TASK - Set the entries below down again, please. Match them exactly.

RECORDS FOR THIS EXERCISE -
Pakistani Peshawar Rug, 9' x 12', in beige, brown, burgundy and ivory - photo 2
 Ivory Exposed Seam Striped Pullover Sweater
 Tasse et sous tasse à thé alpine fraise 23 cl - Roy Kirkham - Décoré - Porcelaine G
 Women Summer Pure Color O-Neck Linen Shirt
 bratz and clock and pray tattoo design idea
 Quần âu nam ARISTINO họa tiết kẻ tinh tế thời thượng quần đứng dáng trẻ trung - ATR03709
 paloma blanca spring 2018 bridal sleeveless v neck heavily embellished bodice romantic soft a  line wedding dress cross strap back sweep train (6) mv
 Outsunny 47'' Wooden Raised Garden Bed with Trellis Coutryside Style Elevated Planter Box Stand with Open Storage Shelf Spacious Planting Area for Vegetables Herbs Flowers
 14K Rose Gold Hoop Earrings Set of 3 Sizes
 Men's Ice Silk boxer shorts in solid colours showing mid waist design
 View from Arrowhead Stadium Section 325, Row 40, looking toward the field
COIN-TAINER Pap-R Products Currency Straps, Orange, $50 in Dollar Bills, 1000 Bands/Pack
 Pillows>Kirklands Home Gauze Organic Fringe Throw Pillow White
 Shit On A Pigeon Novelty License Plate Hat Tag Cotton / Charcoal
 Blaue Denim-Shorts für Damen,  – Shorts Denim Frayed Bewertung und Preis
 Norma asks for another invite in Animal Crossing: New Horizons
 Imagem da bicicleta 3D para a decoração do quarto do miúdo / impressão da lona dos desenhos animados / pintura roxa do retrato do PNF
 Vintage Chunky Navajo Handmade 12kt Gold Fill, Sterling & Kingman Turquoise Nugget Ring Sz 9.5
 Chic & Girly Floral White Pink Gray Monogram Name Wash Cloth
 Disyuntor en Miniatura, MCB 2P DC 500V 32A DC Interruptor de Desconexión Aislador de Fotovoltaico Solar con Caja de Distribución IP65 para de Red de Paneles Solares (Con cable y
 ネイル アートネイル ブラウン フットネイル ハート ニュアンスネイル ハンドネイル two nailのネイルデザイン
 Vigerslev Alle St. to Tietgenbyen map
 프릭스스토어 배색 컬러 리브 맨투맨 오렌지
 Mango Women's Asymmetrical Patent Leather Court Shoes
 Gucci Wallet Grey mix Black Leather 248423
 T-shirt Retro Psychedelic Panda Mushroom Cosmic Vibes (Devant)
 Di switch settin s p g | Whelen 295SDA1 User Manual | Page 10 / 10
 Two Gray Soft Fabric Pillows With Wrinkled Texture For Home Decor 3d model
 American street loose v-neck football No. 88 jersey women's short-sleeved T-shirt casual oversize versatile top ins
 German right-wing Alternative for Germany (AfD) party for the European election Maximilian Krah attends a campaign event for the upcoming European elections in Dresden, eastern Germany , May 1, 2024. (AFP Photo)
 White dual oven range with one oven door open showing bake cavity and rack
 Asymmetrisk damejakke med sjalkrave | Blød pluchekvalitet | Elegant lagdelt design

OUTPUT BELOW -
Pakistani Peshawar Rug, 9' x 12', in beige, brown, burgundy and ivory - photo 2
 Ivory Exposed Seam Striped Pullover Sweater
 Tasse et sous tasse à thé alpine fraise 23 cl - Roy Kirkham - Décoré - Porcelaine G
 Women Summer Pure Color O-Neck Linen Shirt
 bratz and clock and pray tattoo design idea
 Quần âu nam ARISTINO họa tiết kẻ tinh tế thời thượng quần đứng dáng trẻ trung - ATR03709
 paloma blanca spring 2018 bridal sleeveless v neck heavily embellished bodice romantic soft a  line wedding dress cross strap back sweep train (6) mv
 Outsunny 47'' Wooden Raised Garden Bed with Trellis Coutryside Style Elevated Planter Box Stand with Open Storage Shelf Spacious Planting Area for Vegetables Herbs Flowers
 14K Rose Gold Hoop Earrings Set of 3 Sizes
 Men's Ice Silk boxer shorts in solid colours showing mid waist design
 View from Arrowhead Stadium Section 325, Row 40, looking toward the field
COIN-TAINER Pap-R Products Currency Straps, Orange, $50 in Dollar Bills, 1000 Bands/Pack
 Pillows>Kirklands Home Gauze Organic Fringe Throw Pillow White
 Shit On A Pigeon Novelty License Plate Hat Tag Cotton / Charcoal
 Blaue Denim-Shorts für Damen,  – Shorts Denim Frayed Bewertung und Preis
 Norma asks for another invite in Animal Crossing: New Horizons
 Imagem da bicicleta 3D para a decoração do quarto do miúdo / impressão da lona dos desenhos animados / pintura roxa do retrato do PNF
 Vintage Chunky Navajo Handmade 12kt Gold Fill, Sterling & Kingman Turquoise Nugget Ring Sz 9.5
 Chic & Girly Floral White Pink Gray Monogram Name Wash Cloth
 Disyuntor en Miniatura, MCB 2P DC 500V 32A DC Interruptor de Desconexión Aislador de Fotovoltaico Solar con Caja de Distribución IP65 para de Red de Paneles Solares (Con cable y
 ネイル アートネイル ブラウン フットネイル ハート ニュアンスネイル ハンドネイル two nailのネイルデザイン
 Vigerslev Alle St. to Tietgenbyen map
 프릭스스토어 배색 컬러 리브 맨투맨 오렌지
 Mango Women's Asymmetrical Patent Leather Court Shoes
 Gucci Wallet Grey mix Black Leather 248423
 T-shirt Retro Psychedelic Panda Mushroom Cosmic Vibes (Devant)
 Di switch settin s p g | Whelen 295SDA1 User Manual | Page 10 / 10
 Two Gray Soft Fabric Pillows With Wrinkled Texture For Home Decor 3d model
 American street loose v-neck football No. 88 jersey women's short-sleeved T-shirt casual oversize versatile top ins
 German right-wing Alternative for Germany (AfD) party for the European election Maximilian Krah attends a campaign event for the upcoming European elections in Dresden, eastern Germany , May 1, 2024. (AFP Photo)
 White dual oven range with one oven door open showing bake cavity and rack
 Asymmetrisk damejakke med sjalkrave | Blød pluchekvalitet | Elegant lagdelt design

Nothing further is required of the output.